(Stored entries)
★ ★ ★
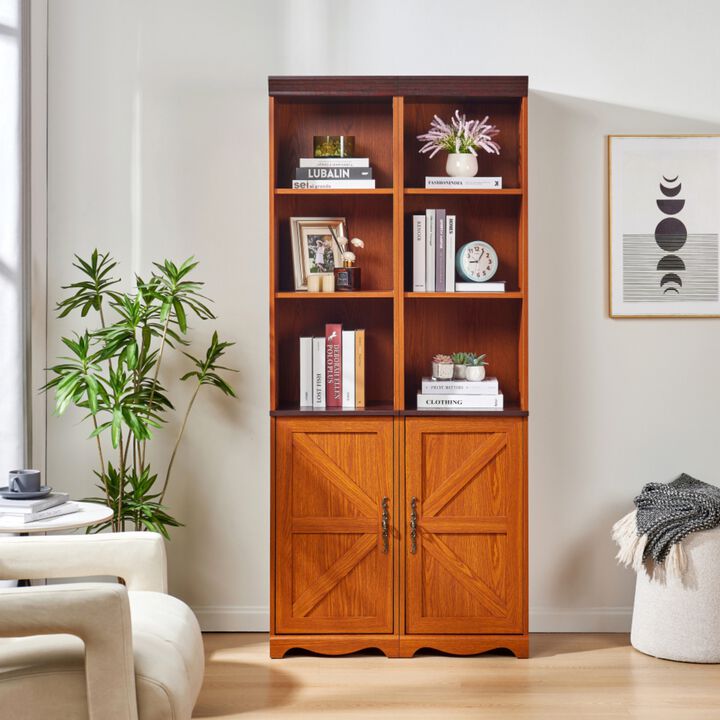 Gitzam Farmhouse Tall Storage Cabinet Barn‑Door 2‑Pack Combo Unit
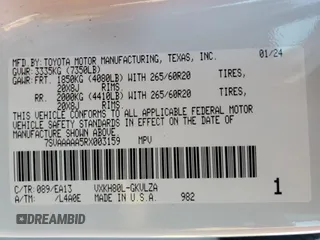 2024 Toyota Sequoia SR5 with VIN 7SVAAAAA5RX003159, listed as a Copart auction lot 80893094 with 17,581 mi miles and Salvage Title. Bid and sale history available at carsss.com. Image 14.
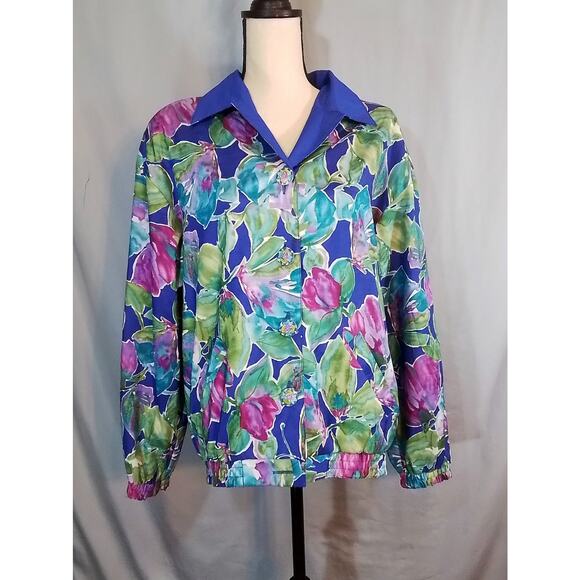 Joan Walter's Floral Reversible Windbreaker Jacket - Picture 1 of 6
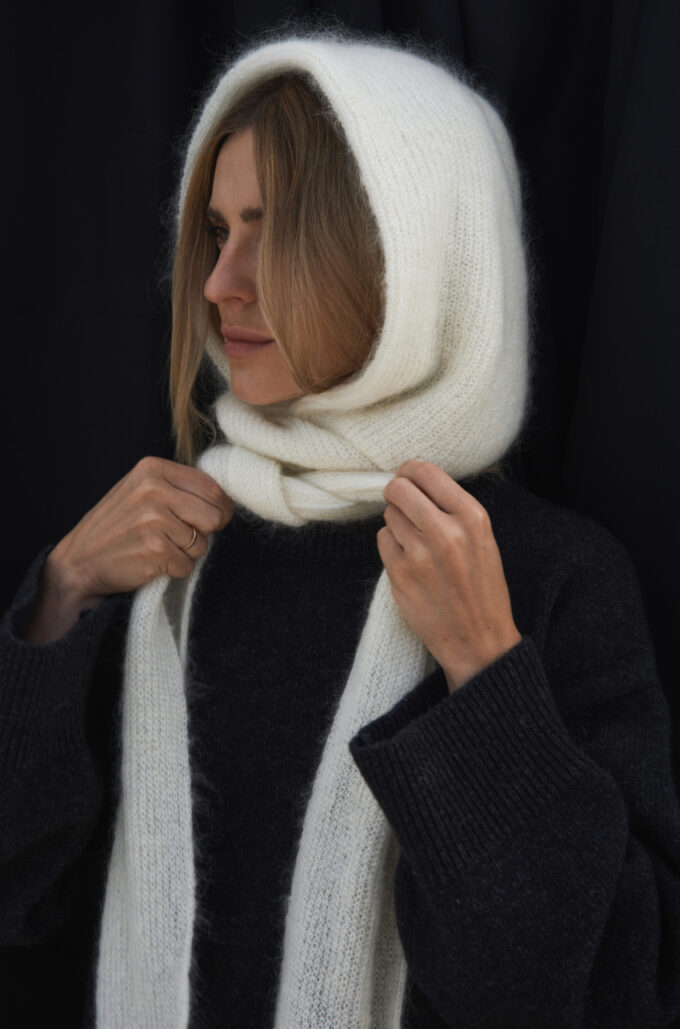 Kaptur z Szalikiem Ecru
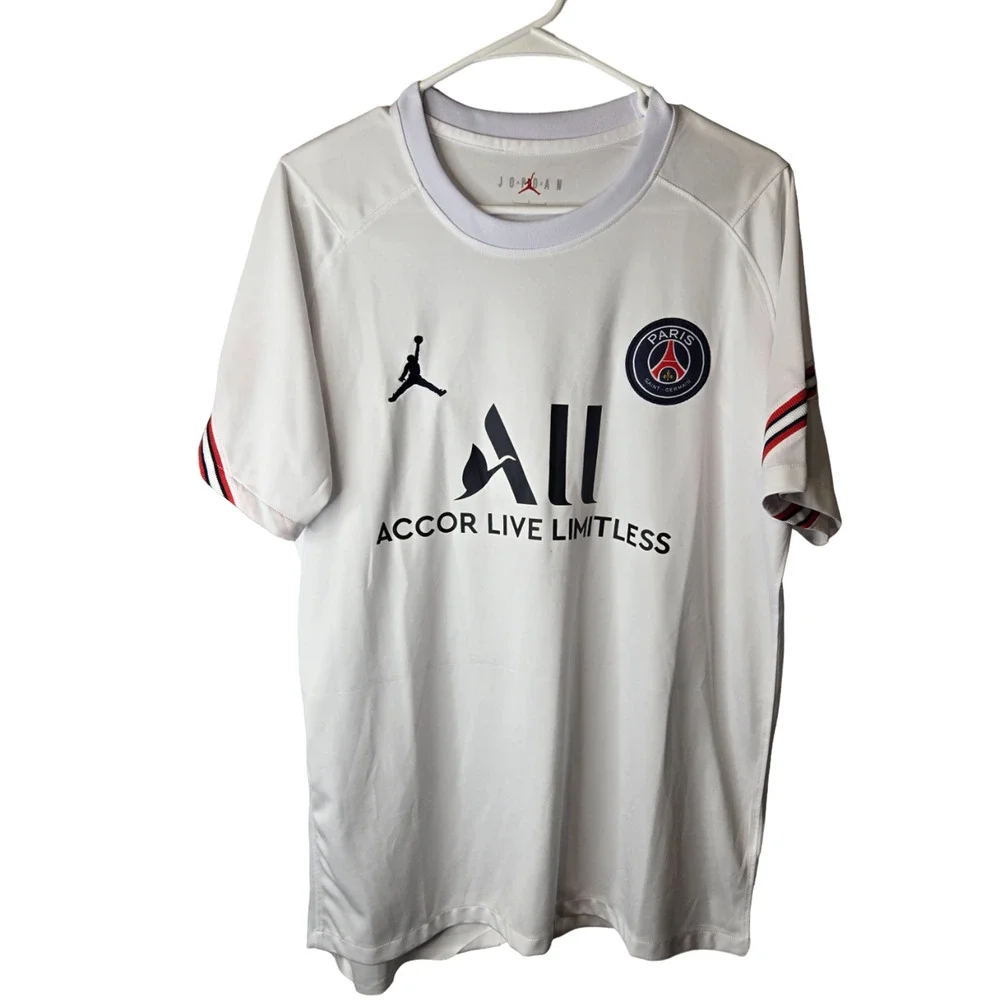 Air Jordan White Paris Saint-Germain F.C. Soccer Tee Men's T-shirt Size L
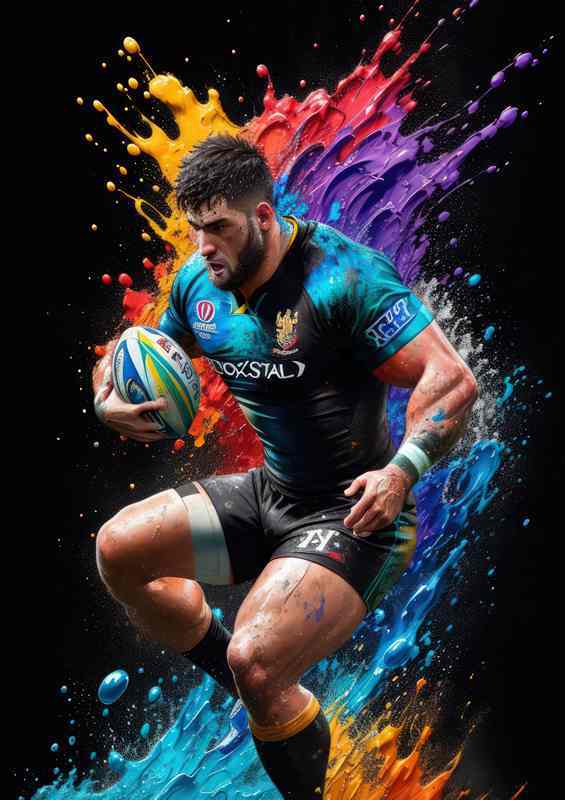 Rugby Visionary Colorful Splash Artistry | Di-Bond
★ ★ ★
● **WHAT NEEDS TO BE DONE**
The entries above are to be retyped exactly, with each picture left out.

● **ANSWER TO THIS PROBLEM**
 Gitzam Farmhouse Tall Storage Cabinet Barn‑Door 2‑Pack Combo Unit
 2024 Toyota Sequoia SR5 with VIN 7SVAAAAA5RX003159, listed as a Copart auction lot 80893094 with 17,581 mi miles and Salvage Title. Bid and sale history available at carsss.com. Image 14.
 Joan Walter's Floral Reversible Windbreaker Jacket - Picture 1 of 6
 Kaptur z Szalikiem Ecru
 Air Jordan White Paris Saint-Germain F.C. Soccer Tee Men's T-shirt Size L
 Rugby Visionary Colorful Splash Artistry | Di-Bond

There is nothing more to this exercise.